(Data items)
+-------+

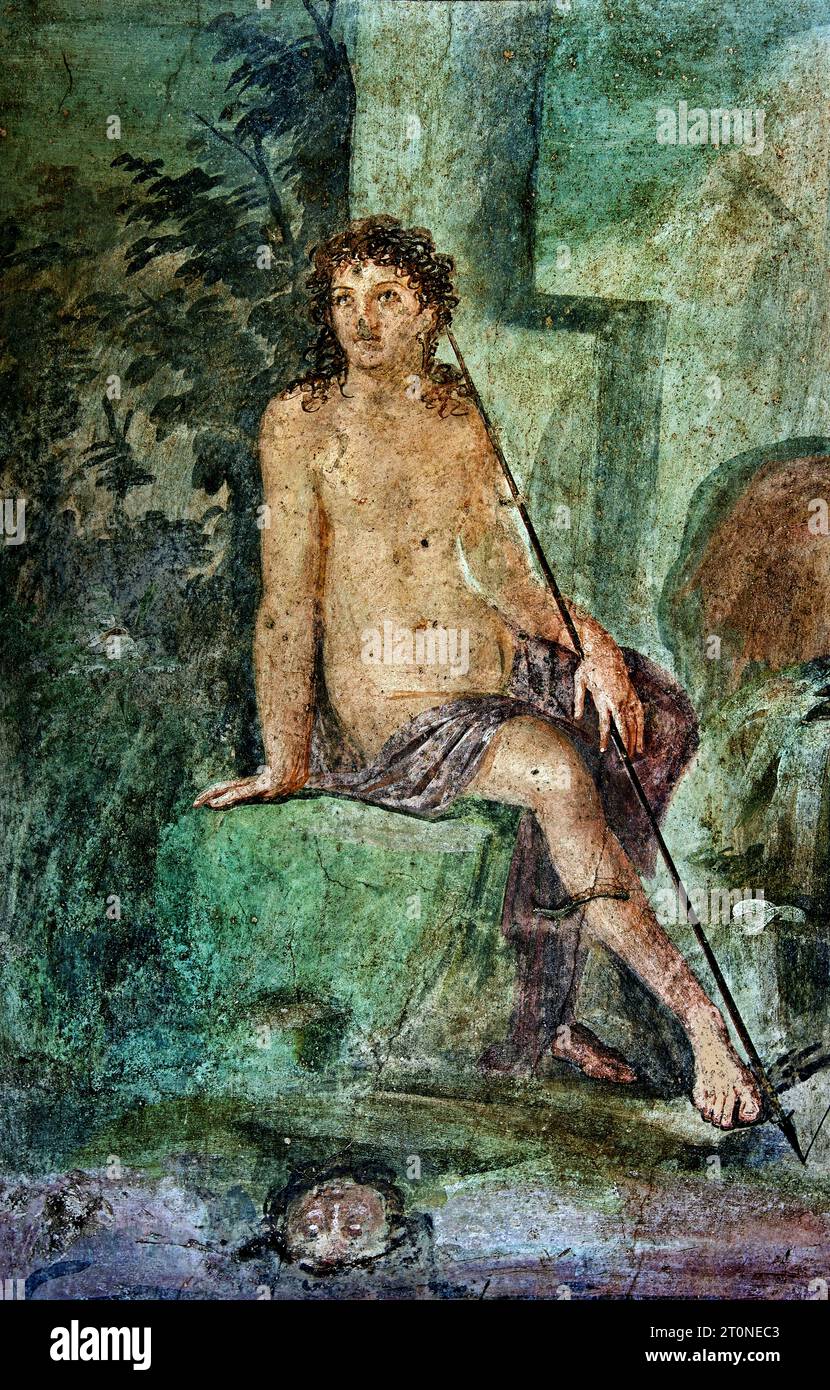 Narcisse dans la fontaine. Décoration columbarium de la Maison de Loreio Tiburtino (Octavius Quartio). Fresque Pompéi Roman City est situé près de Naples dans la région Campanie en Italie. Pompéi a été enterré sous 4-6 m de cendres volcaniques et de ponce lors de l'éruption du Vésuve en 79. Italie Banque D'Images Narcisse dans la fontaine. Décoration columbarium de la Maison de Loreio Tiburtino (Octavius Quartio). Fresque Pompéi Roman City est situé près de Naples dans la région Campanie en Italie. Pompéi a été enterré sous 4-6 m de cendres volcaniques et de ponce lors de l'éruption du Vésuve en 79. Italie Banque D'Images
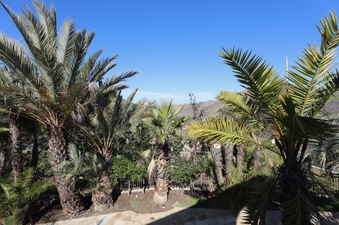 Enlarge photo 60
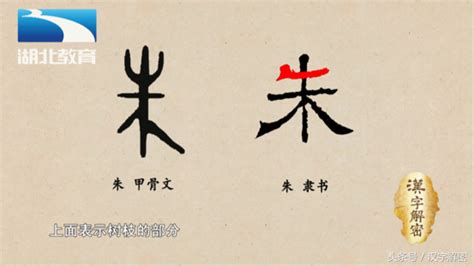 族谱的传承：宁化木活字印刷|文章|中国国家地理网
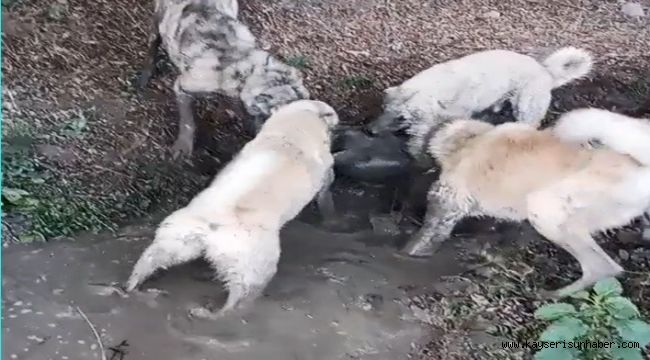 Köpek dövüşünü sosyal medyadan yayınlayan şahsa işlem yapıldı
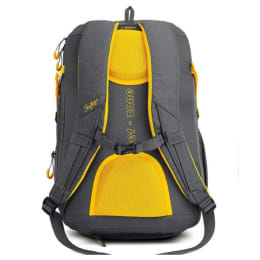 Sky Bags ION 02 36 Litres Laptop Backpack (LPBPION2GRY, Grey) Sky Bags ION 02 36 Litres Laptop Backpack (LPBPION2GRY, Grey)_4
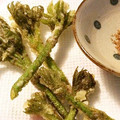 ma*o's cooksnap of when they made 今が旬！ウドの天ぷら.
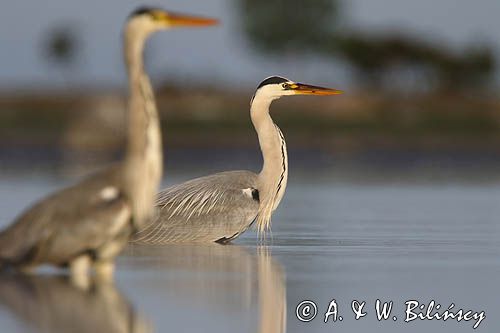 czapla siwa Ardea cinerea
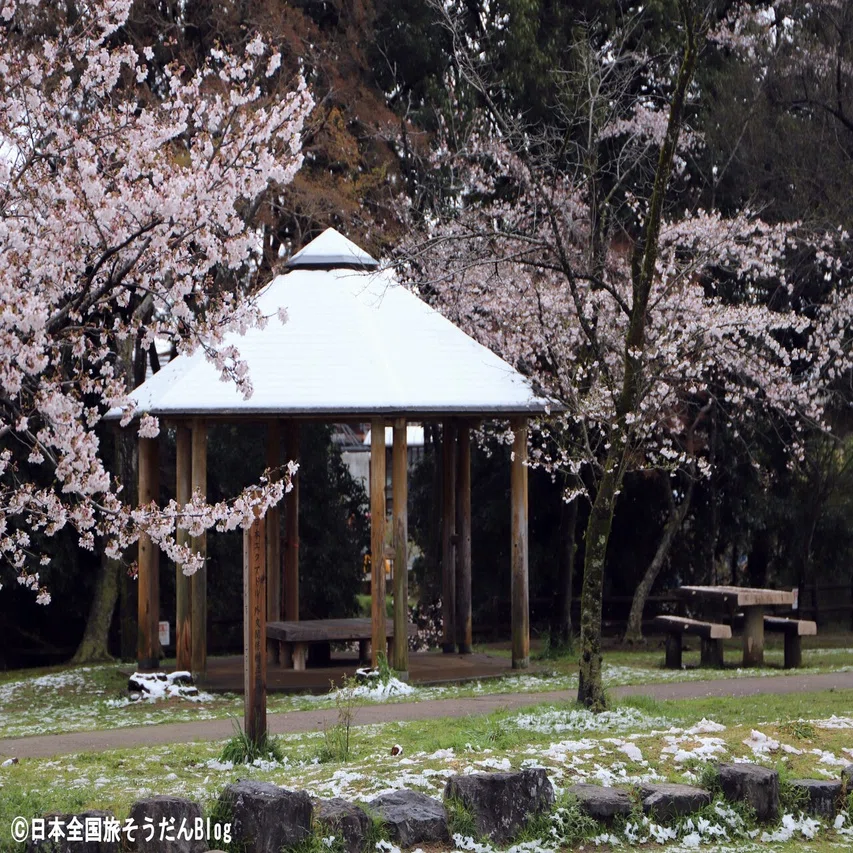 飯能 市 中央 公園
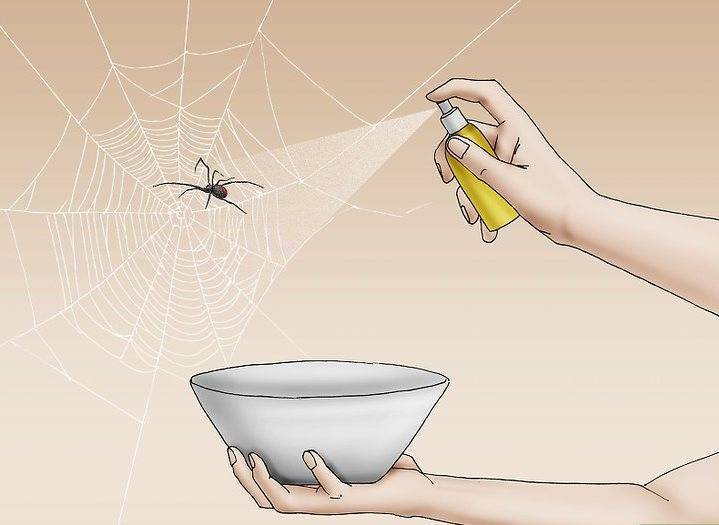 Как избавиться от пауков: в частном доме и квартире, народными и химическими средствами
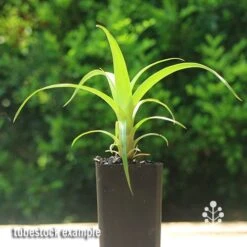 Alcantarea Imperialis Rubra - Bromeliad -Plant Seed Store apo alcantarea tubestock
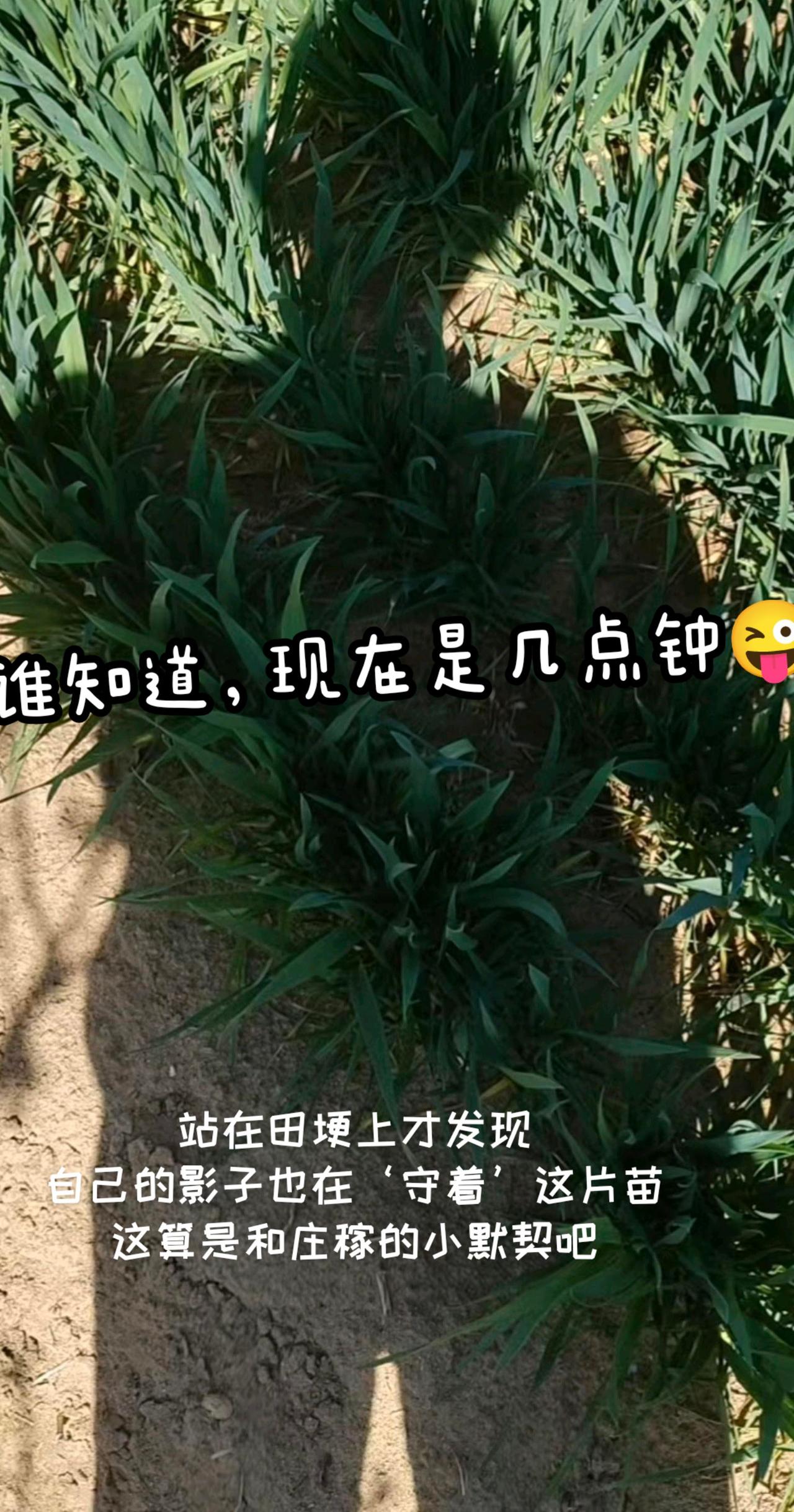 踏青！
春天 随拍 清明节 我的图片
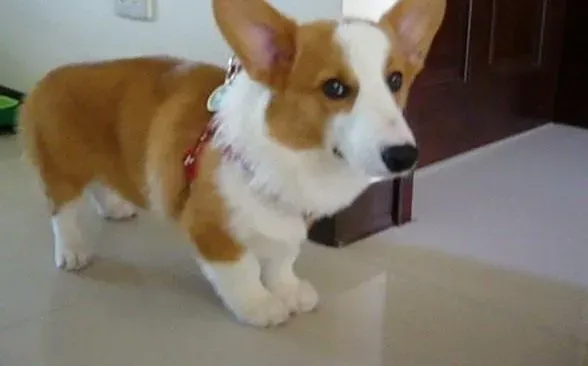 柯基犬|柯基犬最近眼睛总流泪是怎么了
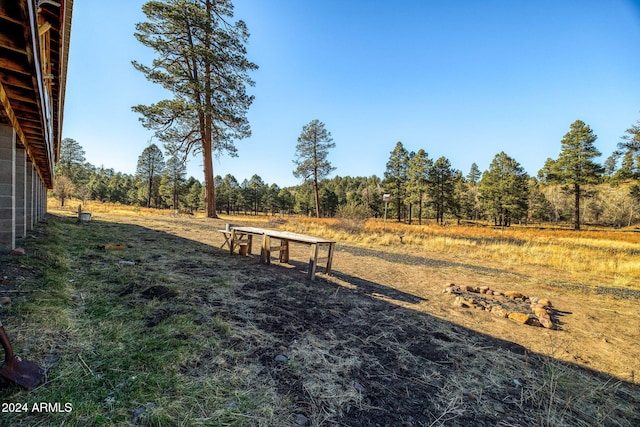 1528 Black Canyon Rd, Heber, AZ 85928 - view of yard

+-------+

Each line from the one containing "柯基犬|柯基犬最近眼睛总流泪是怎么了" through the last line of the data should be written out exactly. Skip the pictures, and add no other lines.

 柯基犬|柯基犬最近眼睛总流泪是怎么了
 1528 Black Canyon Rd, Heber, AZ 85928 - view of yard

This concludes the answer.